Solbakken et al. describes the variations in AC in three levels of conscious. "At low levels these scales indicate poor awareness and recognition of affects, a tendency for being overwhelmed by, unable to cope with and unable to decode meaningful information from affect activation, along with disavowal and shutdown of bodily expressive acts and inability to articulate and express semantic descriptions of affective experience. At intermediate levels affects are stably recognized and accepted, and both bodily expressive acts and semantic articulation of experience are generally acknowledged. Finally, high levels are characterized by capacity for focused and flexible awareness of nuances specific to different contexts and affect intensities, distinct openness to affective activation and its motivating and regulating functions, along with explicit reflection about the information inherent in the affect with its meanings and consequences for one's understanding of both self and others. At this level the nonverbal and conceptual expressions of affects are clear, nuanced, authentic and characterized by the experience of choice, responsibility and awareness of others' reactions to one's communications (or lack thereof)".

==Clinical applications==

===Psychotherapy Model===
A specific AC-psychotherapy treatment model (ACT – not to be confused with acceptance and commitment therapy, which is a more recent model) has been developed and systematically tested (Monsen et al.,
1995a, b) for treating severe and complex mental disorders. It has later been revised and tested in a randomized controlled study with chronic pain patients (Monsen & Monsen, 1999, 2000). A recent revision of the model has been written by Monsen & Solbakken (2013) and is currently being tested empirically.

===Psychopathology===
As noted by Solbakken et al., affect consciousness scores (both overall mean of all aspect-scores across affects and scores on each integrating aspect, and discrete affects) are strongly correlated with relevant measures of psychological dysfunction. These data shows a possible relationship between psychopathology and affect consciousness. Affect integration (operationalized through Affect Consciousness constructs and measured with the ACI and ACS) at different levels shows a stable correlation of psychopathology and psychological dysfunction such as symptom severity, interpersonal problems, personality disorder traits, and general functioning. Furthermore, the integration of specific affects have been shown to have distinct and predictable relationships with various types of relational problems.
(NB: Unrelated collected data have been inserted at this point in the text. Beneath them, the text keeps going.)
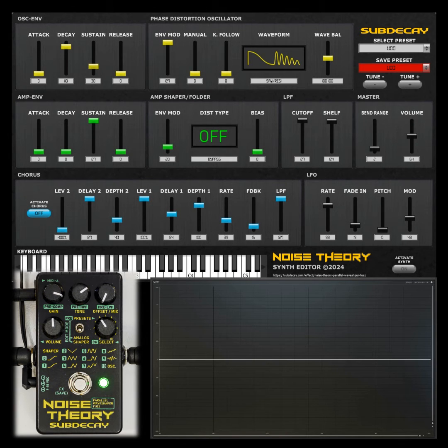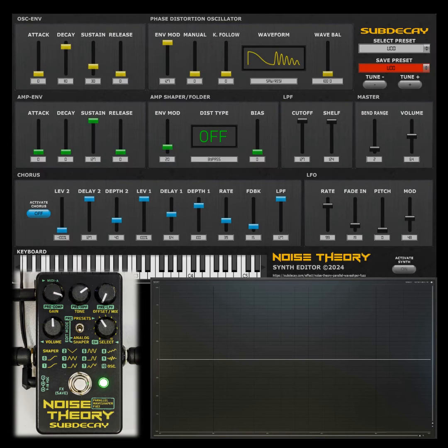The Noise Theory adds a wave balance setting. This lets you control the level of combined waveforms.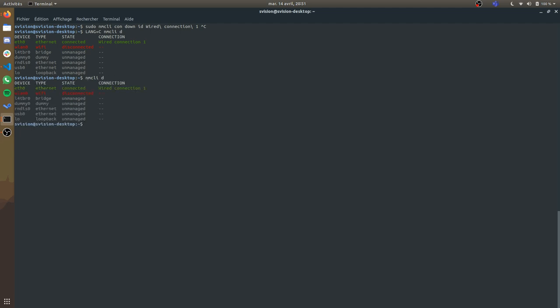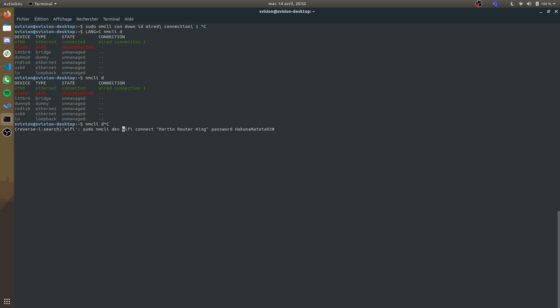I can use this as well. And to connect, you need to use this command — here the name of the Wi-Fi, and here the password.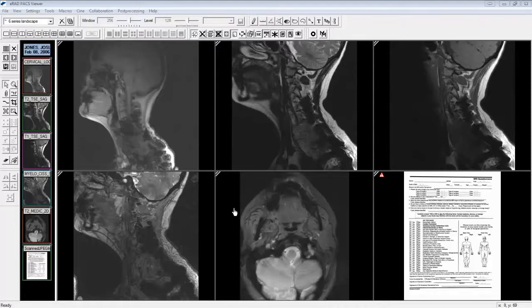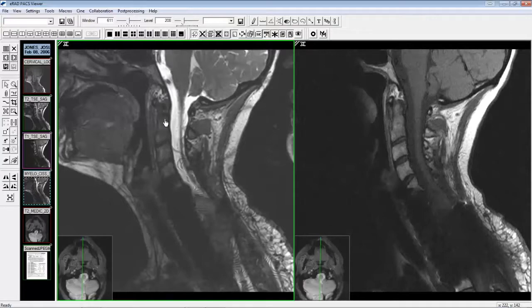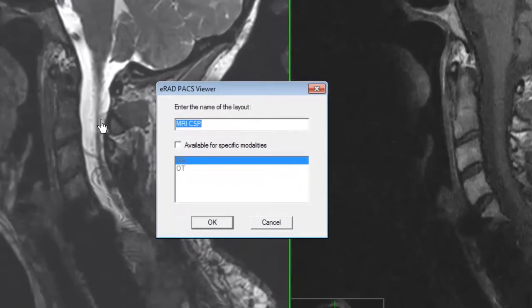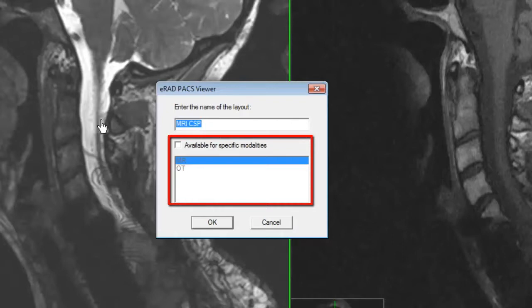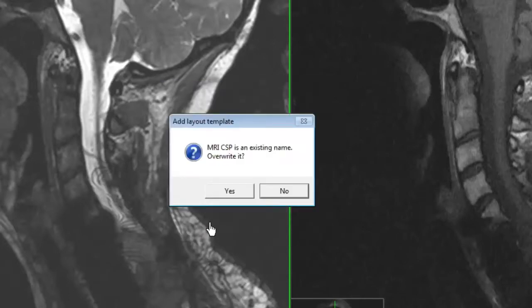To resave and overwrite an existing Hanging Protocol, follow these steps. Apply the existing Hanging Protocol. Make desired changes to layout, image frame content, window level, zoom factor, or image linking. Click the Save button on the Template toolbar. You should see the previously selected Hanging Protocol name already populated. This is needed in order to overwrite the existing Hanging Protocol. Notice you have an option to make this Hanging Protocol available for specific modalities only. This is a new feature that will reduce the amount of clutter in the Template toolbar drop-down menu. Acknowledge the overwrite prompt by clicking Yes.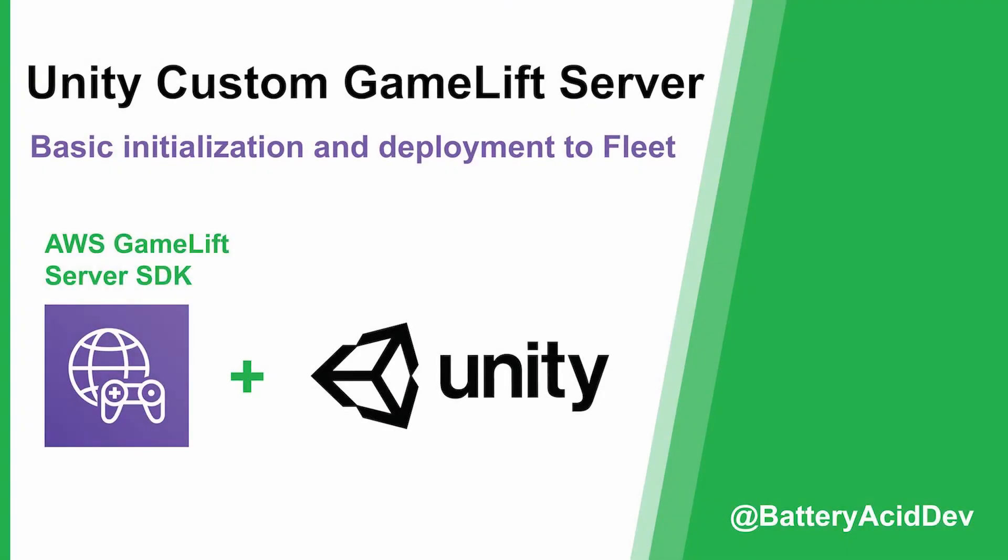And that completes the basics for how to get your Unity project to run as a custom GameLift server. Thanks for watching.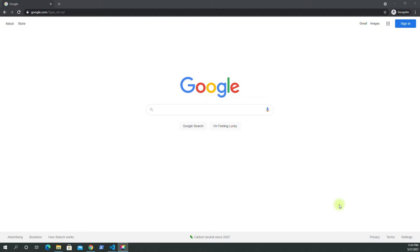Hello friends, welcome back. In this video we're getting started with Cypress with Node.js.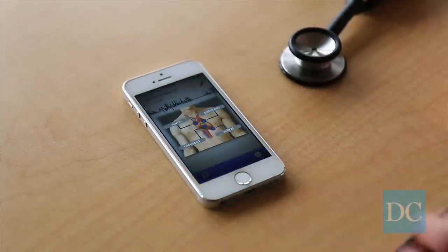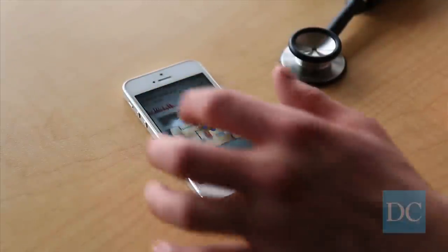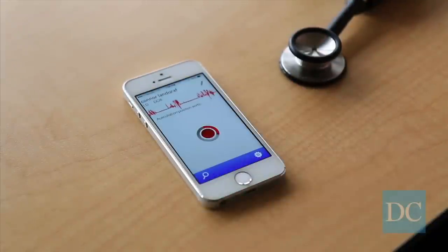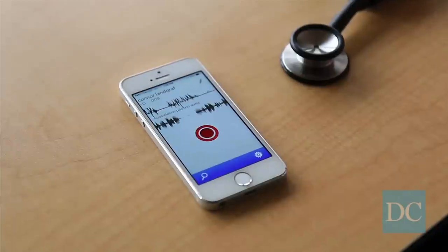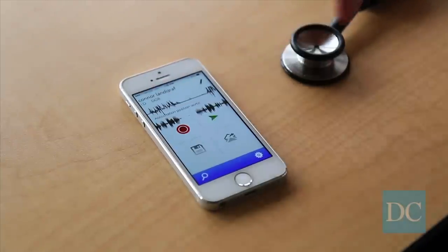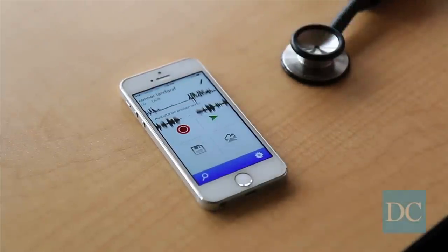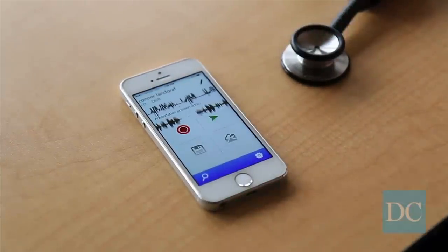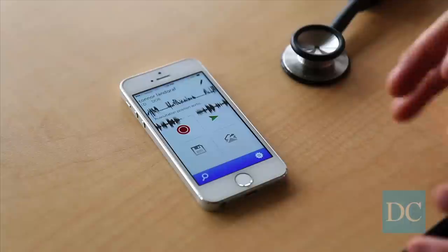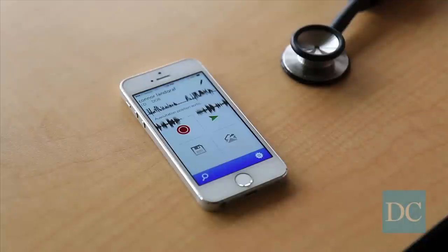I can record it, choose a location, record that patient's heart sound, look at it and see a waveform, look for murmurs, and share it with other physicians. I get all of the analytics of a digital stethoscope with an analog stethoscope.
===As a predictor of change in psychotherapy===
It has been shown that in brief time-limited psychotherapy high levels of affect consciousness predict more extensive changes in symptoms and problems. On the other hand, Solbakken, Hansen, Havik, & Monsen demonstrated that in open-ended psychotherapy focusing on the experience and expression of emotion, low levels of AC at the onset of treatment predicted greater changes in symptoms, relational difficulties, and personality disorder traits. Thus, under such psychotherapeutic conditions low AC represent primarily an increased potential for change.

==Mentalization==
It has been suggested that affect consciousness and the concept of mentalization partly overlap. Both mentalization theory and affect consciousness theory argue that the child's experience and expression of affects develop in relationship (primarily between one or more primary caregivers and the infant). On the other hand, affect consciousness theory focuses more strongly on the biological foundations for affect differentiation and the adaptive properties inherent in discrete affects while emphasizing the individual's own perception and organization of their own affects.